It’s always a puzzler when plants survive typical winter periods of cold temperatures just fine, then die after a winter of milder temperatures.  But, that one cold snap came so early in December, with little chilling preparation ahead of it, and some plants physiologically weren’t ready to cope.  Sigh….

First blush

February held our area in a uniquely extended pattern of lovely, mild weather, which encouraged many trees and perennials to start blooming 2 to 3 weeks earlier “than average”.  Fruit trees, rosemary, pussy willows, maples, and, alas, allergies are all ahead of schedule!

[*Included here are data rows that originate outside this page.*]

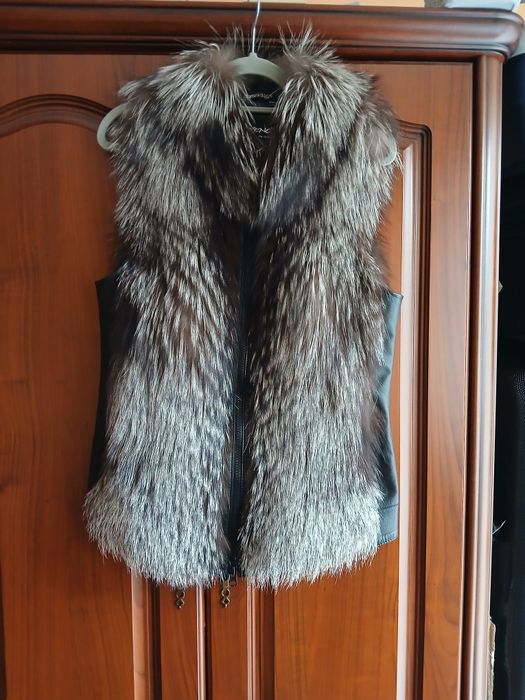 Kamizelka futrzana ze skóra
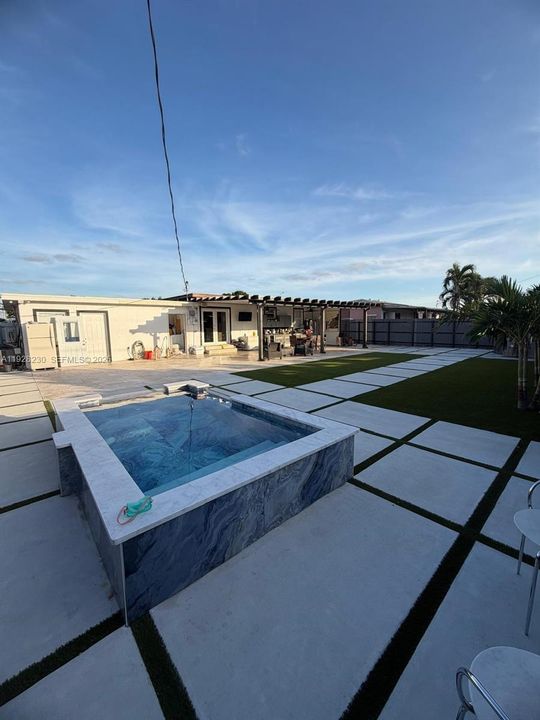 En Venta: $695,900 (4 camas, 2 baños, 1337 Pies cuadrados)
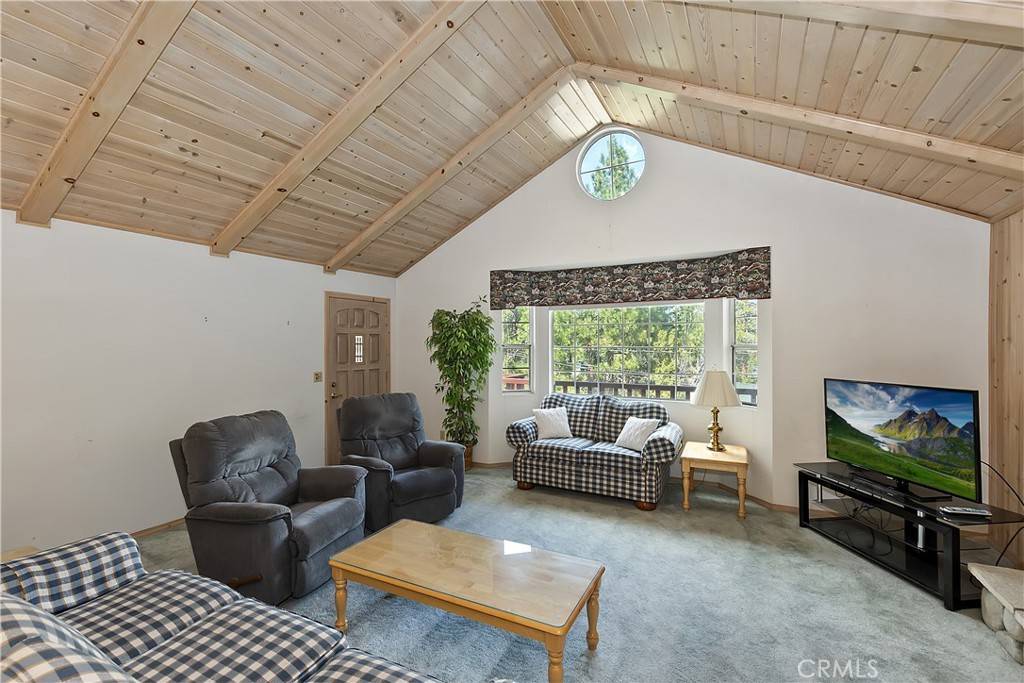 Big Bear Lake, CA 92315,40283 Lakeview DR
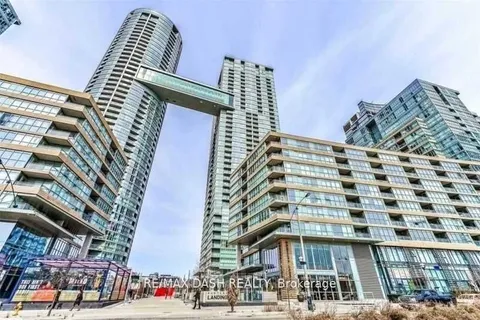 15 Iceboat Terrace, Toronto, ON M5V 4A5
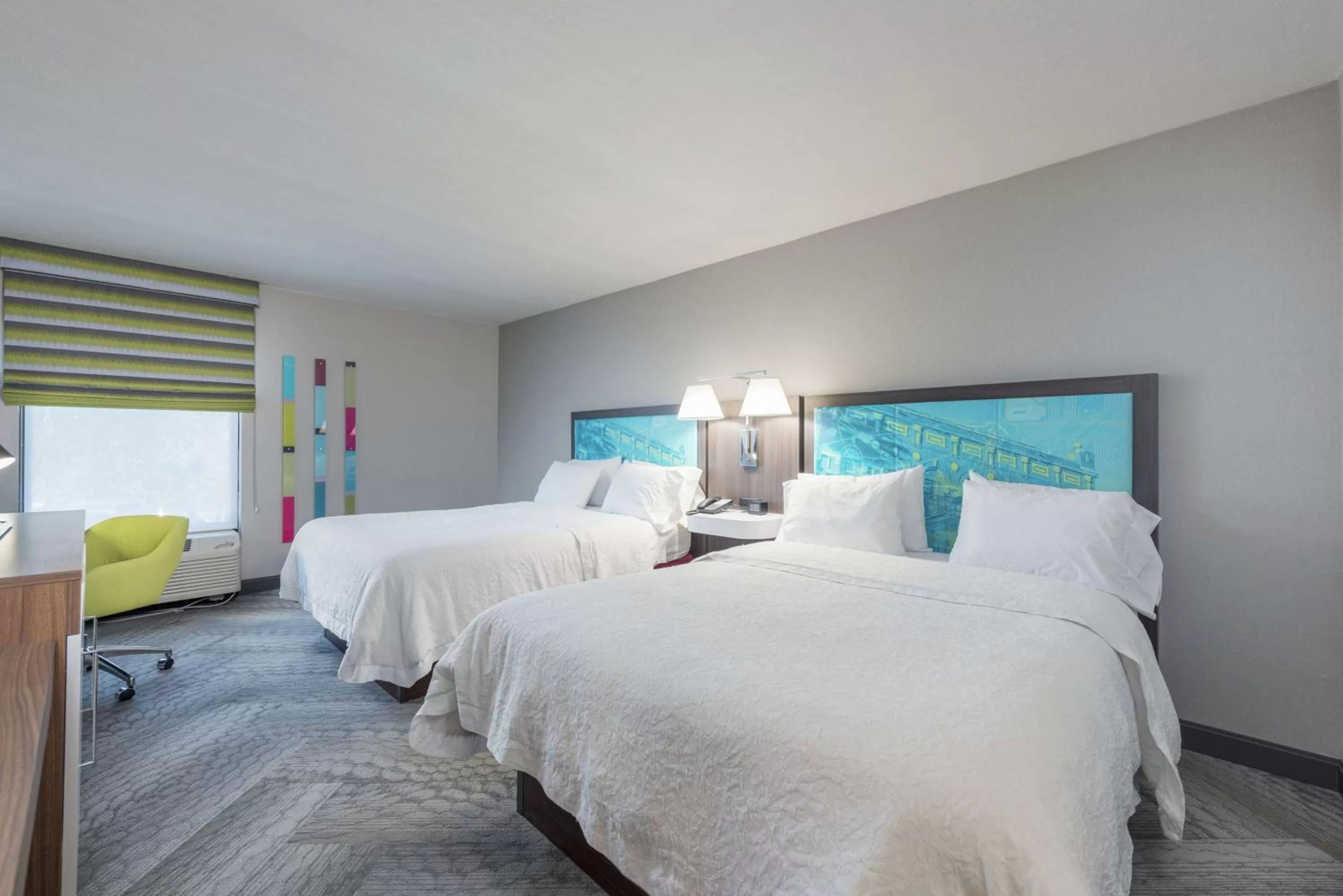 Bedroom, Bed in Hampton Inn Tampa-Veterans Expressway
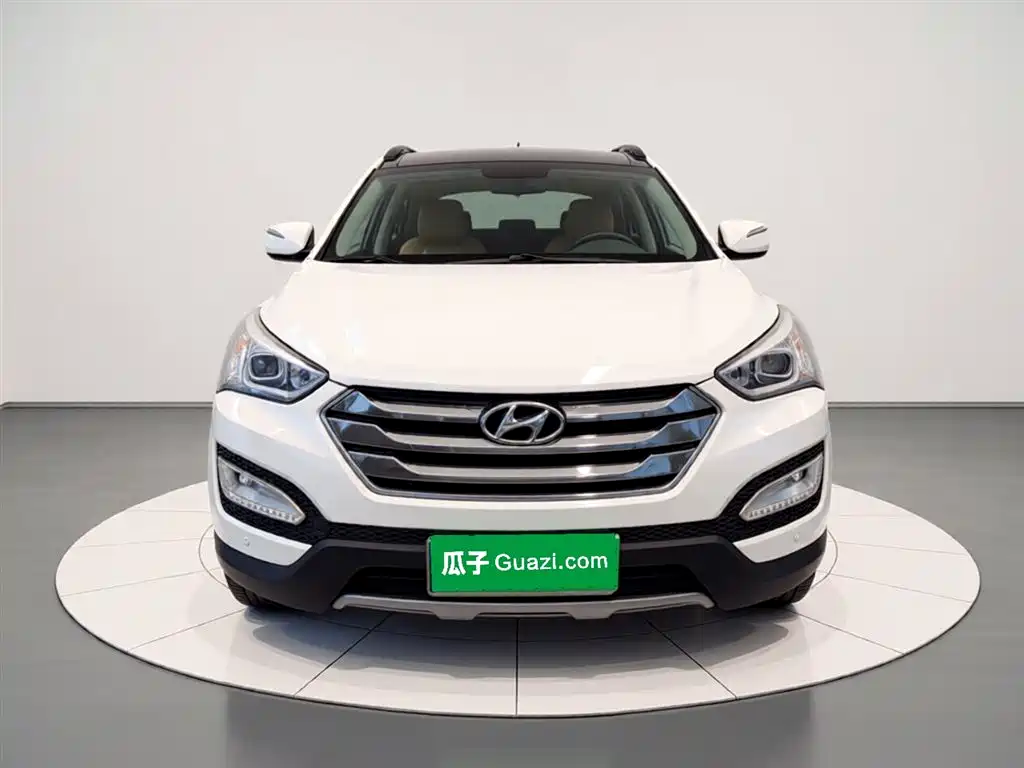 Hyundai Santa Fe 2013 Model 2.4L Automatic 2WD Smart фото 2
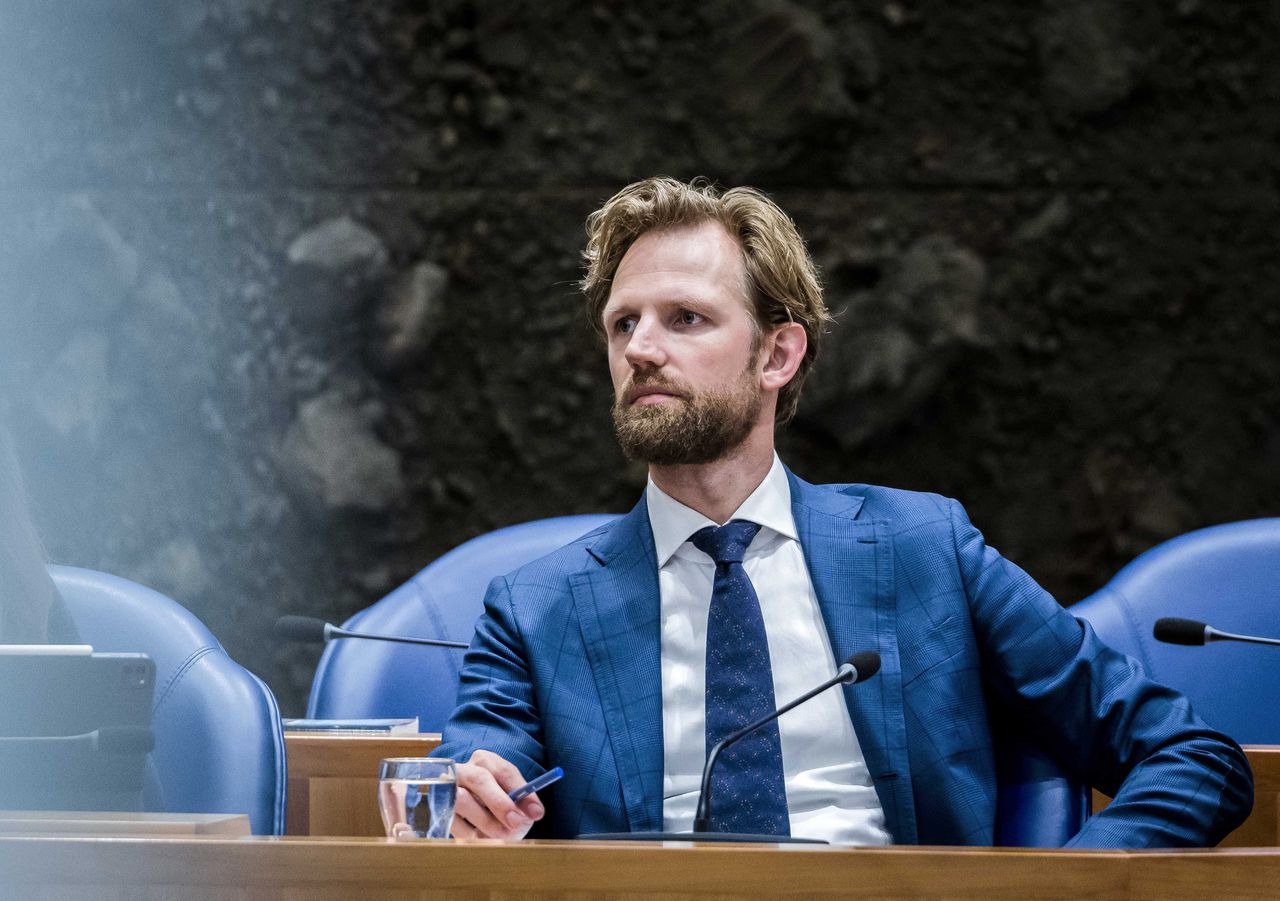 Dennis Wiersma tijdens een debat over het tweede deelrapport.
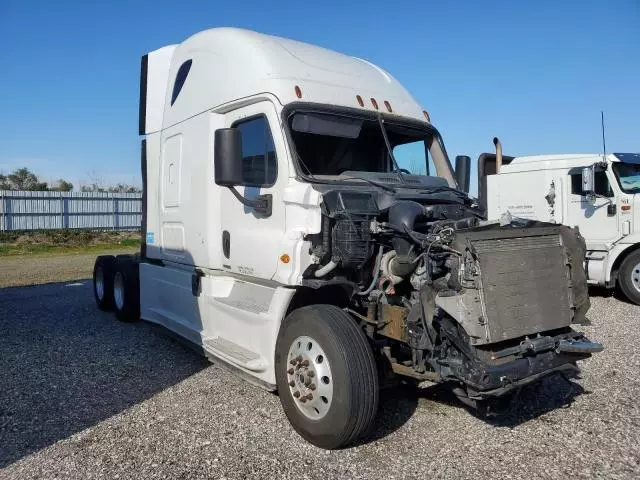 2015 Freightliner Cascadia 125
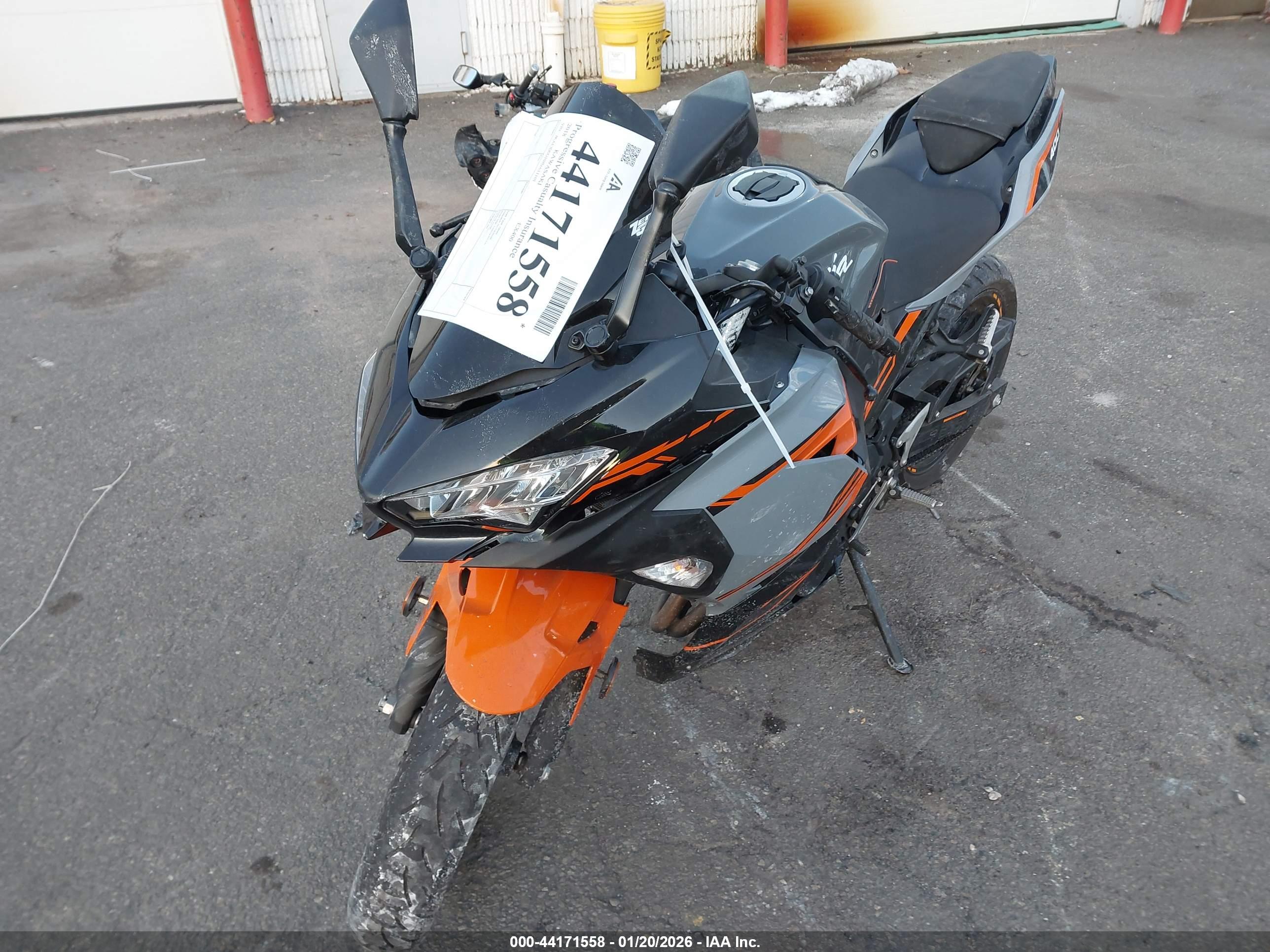KAWASAKI EX400 image 2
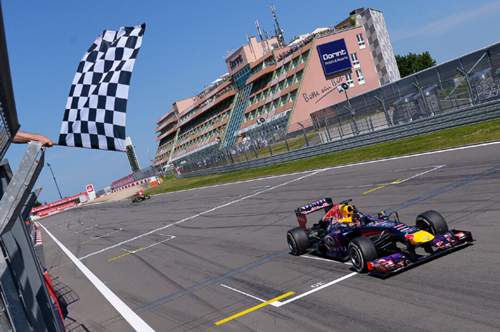 Geschafft: Nach 60 Runden siegt Vettel knapp vor Räikkönen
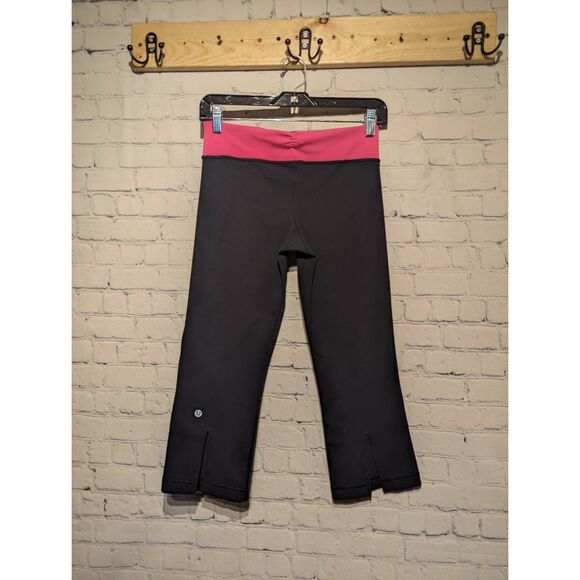 Lululemon cropped athletic leggings 4 * - Picture 3 of 7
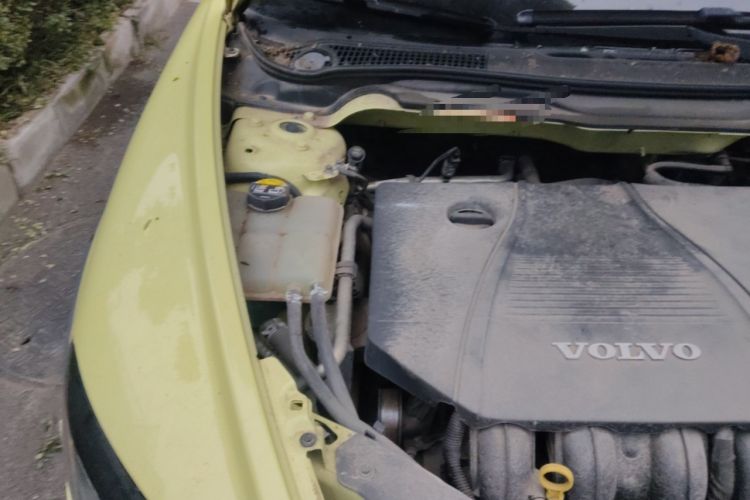 Used Volvo C30 2010 2.0 ZhiShang Version Engine Bay Right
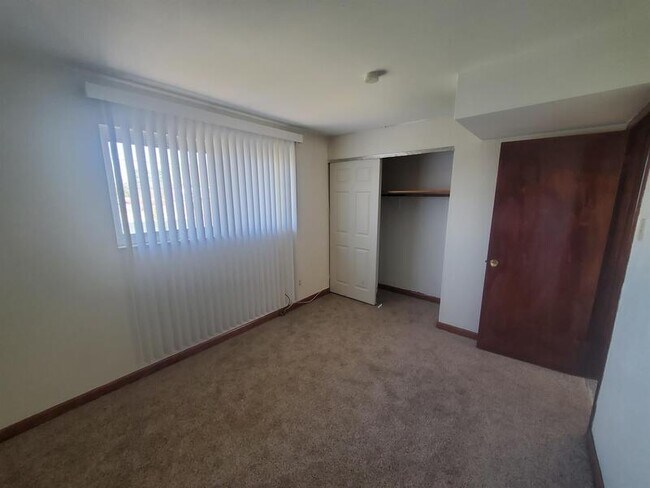 Building Photo - 14 Bruce Dr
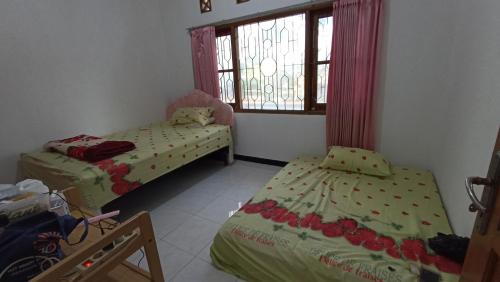 Ngaglik House | Villa Ohana Batu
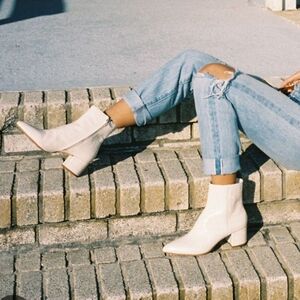 Via Spiga Diana boots size 9.5 USA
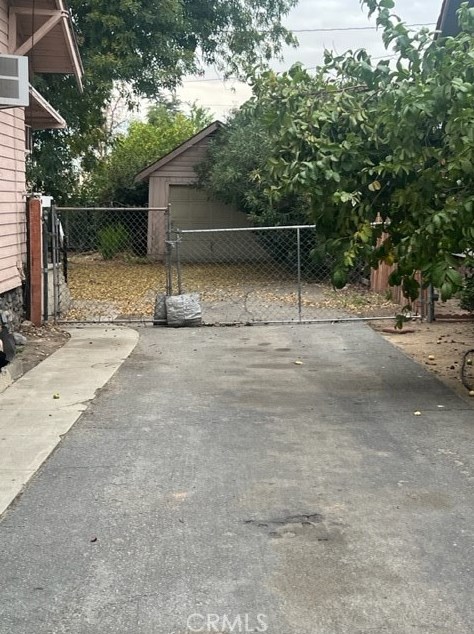 873 Towne Ave, Pomona CA  91766-3650 exterior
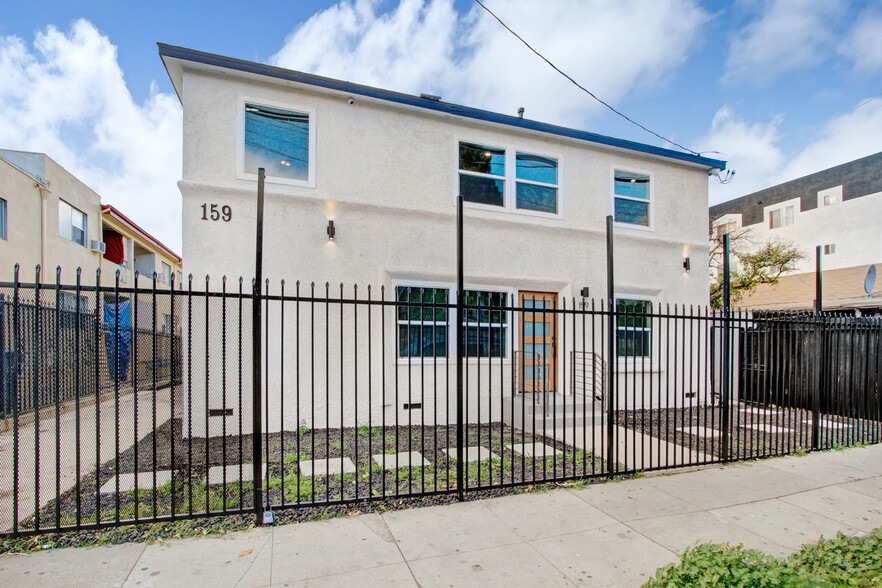 161 S Burlington Ave, Los Angeles, CA à vendre - Photo du bâtiment - Image 3 de 17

We love the beautiful first signs and color blushes of plants awakening with quickened life energy, no matter when they show up!

The signs of late winter.......when the euphorbia blushes.

Colors of spring showing up

The new mason bee nest is now charged with some straws with eggs; perched a few feet above.....

the dwarf peach in full bloom.....

One gets itchy fingers for planting when the temperatures rise to 60° on a weekend! But, not everything can handle the near-freezing night temps yet, so patience!  Instead, it has been time to prune roses, clean up dead plant stalks where they give way to easy tugs, pull up umpteen weeds that have had too much of a good thing, set up the mason bee nest, and take walks.

January doldrums

Holidays are past; caretaking of people and pets is past; friends are off to the southern hemisphere (Chile) for some summer bicycle touring; and we have rain, rain, drizzle, rain, showers, rain, with tidbits of sun and fog. But, no complaints; my issues with rain don’t happen until late winter.  Today it is mild weather and much preferable to freezing rain.

It’s a great time to get caught up on indoor reorganization, sorting, and simplifying; all the stuff I never get to during a gardening season.

Today has been a day to dash outside between showers to do some cleanup of flattened Crocosmia and lily stalks, and admire the weeds that are growing so well.  Suet and seed needed replenishing, as little flocks of bushtits, goldfinches, juncos, warblers, starlings, a nuthatch, and a flicker all made their appearances.  A couple of days ago a downy woodpecker showed up for the first time (that I know of)!  All great entertainment on a grey day.

Am I contemplating the next garden plantings and dreaming with seed catalogs?  Not really.  Give me another 3 weeks before I’m antsy.  I’m still in rest mode.  Not that I haven’t already contemplated some new varieties of veggies to try, but that was last fall.  Besides, the garden gang will be meeting at the end of the month for an informal tea, to get our ideas flowing.

However, I am contemplating consuming the last tomato of the garden.  Yes, there still were ripening tomatoes in December!